Durante l’età repubblicana gli architetti e gli ingegneri romani, che in massima parte sono rimasti anonimi, si dedicano non solo a perfezionare
tecniche più antiche – ispirandosi in primo luogo ai modelli greci – ma anche a testarne di nuove.
Sono soprattutto la
sperimentazione e l’impiego di nuovi materiali, insieme alla particolare attenzione data all’utilità degli edifici, a differenziare la
storia dell’architettura romana da quella greca.
FOCUS
MATERIALI E TECNICHE ARCHITETTONICHE
I materiali
La capacità di sfruttare le materie prime locali – come per esempio il travertino, una pietra chiara che ricorda il marmo greco, e il tufo, una pietra più scura ma molto tenera, quindi facile da lavorare –, la messa a punto di nuove modalità nell’uso del mattone e soprattutto, a partire dal II secolo a.C., il largo impiego dell’opus caementicium (opera cementizia) sono gli elementi che contraddistinguono le tecniche costruttive dei Romani.

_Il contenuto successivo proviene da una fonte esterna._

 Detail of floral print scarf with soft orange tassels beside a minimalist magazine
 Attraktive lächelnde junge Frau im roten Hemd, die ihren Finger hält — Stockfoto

Sperimentata già dalla fine del III secolo a.C. e messa ampiamente in pratica dal II secolo a.C., la tecnica dell’opus caementicium comporta una vera e propria rivoluzione dei sistemi costruttivi. Si tratta di una tecnica edilizia che consiste nel riempire lo spazio tra due paramenti murari (cioè le parti a vista dei muri) con una mescolanza di malta (calce mista a sabbia o pozzolana) e caementa (pietre o ghiaia) che, solidificandosi, viene a costituire un corpo unico con i mattoni o le “tufelle” (i blocchi di tufo) dei paramenti. Tra le prime realizzazioni in opus caementicium va ricordato il Santuario della Fortuna Primigenia a Palestrina (► p. 225).
Una volta realizzati i paramenti murari, la loro superficie poteva essere rivestita di lastre di altri materiali, come il marmo e il travertino.